We talked on Friday, as you may recall, with one of our colleagues from the Heritage Foundation about the then breaking story out of Honduras – the United States sent a couple of its senior officials down, Tom Shannon, Assistant Secretary of State for Western Hemisphere Affairs and the National Security Council’s Senior Director for Western Hemisphere Affairs Dan Restrepo. Their mission – to break the logjam, or perhaps more accurately to break the knees, of the Honduran democrats who have been resisting efforts by the United States I’m sorry to say and most other countries in Latin America and indeed elsewhere around the world to compel those democrats to restore Manuel Zalaya, a man cut from the Hugo Chavez cloth, a man who had aspired to engineer a second term as president of Honduras despite the flat constitutional prohibition of his doing so. And in the face of this provocative behavior by Mr. Zalaya, the people of Honduras, their elected representatives in congress, their supreme court all acted to have him removed and the United States government came down squarely on the wrong side and I’m wondering now, a couple of days further to reflect on all of this, whether we haven’t finally seen a coup in Honduras.
No, no, not the coup that Harold Koh, the legal advisor to the State Department, a man that we frequently talk about here, a rabid transnationalist who authored apparently an opinion saying “Manuel Zalaya’s removal from power was a coup, we can’t have that democracy must be restored by putting this Chavista back in power”, presumably to pursue the program that he was bent on before, namely to make himself president if not for life at least for another term. So here we have it, the coup I think was won, engineered by messieurs Shannon and Restrepo, and oh by the way the much reviled US ambassador to Honduras, a man by the name of Hugo Lorens, in fact there’s a very good piece by Mary Anastasia O’Grady in today’s Wall Street Journal about how much contempt the people of Honduras have for our ambassador there. Why? Because he has been seeing as a prime mover behind the effort to restore a would-be dictator, to overturn the constitution to dispense with the laws of Honduras. And now the US government has perhaps set the stage for just such a coup.
Now, it’s unclear at this moment whether it’ll work. But Manuel Zalaya, the erstwhile president of Honduras certainly thinks he’s about the be restored to power, there’s a report in El Pais, the pre-eminent Honduran newspaper that ran on Sunday, an account of Tom Shannon actively trying to persuade the people who will decide now, whether to restore Manuel Zalaya to power, namely the legislatures in the Honduran congress, and the supreme court. Now, you’d think since both the congress and the supreme court were party to the decision to remove this guy that they are unlikely to agree now to his restoration. But don’t count on it because what the United States government has done here for days, months , actually, is use every instrument of soft power, as they’re fond of saying in the Obama administration, to compel this impoverished allied nation, a democracy, one the few left in Latin America, to do as Washington and others like Venezuela’s Hugo Chavez demanded, namely put Manuel Zalaya back in power, for at least the remainder of his present term in office, which is to expire were he still in power at the end of January.
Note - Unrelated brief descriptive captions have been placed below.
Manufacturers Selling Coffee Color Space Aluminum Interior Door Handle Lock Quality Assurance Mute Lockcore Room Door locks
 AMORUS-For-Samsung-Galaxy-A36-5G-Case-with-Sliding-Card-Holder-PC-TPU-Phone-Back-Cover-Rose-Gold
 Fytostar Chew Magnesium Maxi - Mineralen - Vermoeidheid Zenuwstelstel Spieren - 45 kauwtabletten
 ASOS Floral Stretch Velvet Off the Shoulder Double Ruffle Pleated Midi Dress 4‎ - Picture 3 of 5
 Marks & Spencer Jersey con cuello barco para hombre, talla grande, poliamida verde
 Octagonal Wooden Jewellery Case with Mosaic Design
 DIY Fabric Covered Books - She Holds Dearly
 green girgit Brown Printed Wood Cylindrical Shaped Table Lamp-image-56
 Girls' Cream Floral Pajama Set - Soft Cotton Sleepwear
What happened when these diplomats went down to Honduras reminds me of what Vito Corleone used to say in the Godfather, they made the democrats an offer they couldn’t refuse. So how did that shake out? The US government said it would not recognized the elections scheduled at the end of this month if Zalaya’s fortunes were not revisited by the congress and supreme court, so don’t count with the continuing pressure of the Obama administration, don’t count on democracy to be able to withstand this further pressure. Yes, the elections going to go forward, yes we’re now saying we will recognize its results, Tom Shannon in fact, we’ve got a little clip here of what tom Shannon has said in which it makes it sound like whatever the Honduran people decide is okay with him:
“We, and not just the United States but the rest of the inter-American community, have constructed these negotiations that the solution be Honduran; and therefore, from our point of view, our deal is a deal. What the Hondurans can’t determine to decide among themselves we’ll accept.”
Yeah, right. Well, we’ll see is all I can see. Stay tuned here folks, to Secure Freedom Radio, because I don’t believe it. I think that Obama and company and Shannon and Restrepo, a guy who appears a creature of George Soros and the Center for American Progress and George Soros’ enthusiasm for legalizing narcotics plays right into Manuel Zelaya’s playbook, a guy who’s been actively supported, we’re told, by narco-trafficking in his country. In all of these ways, folks this is not done.
And the only coup that has happened in Honduras at this point is one for the Obama doctrine – undermine our friends, embolden our enemies, and diminish our country. I think all three of those have been on display in this sorry episode. I hope the people of Honduras will continue to stand up for their freedom and we will finally support them in doing it.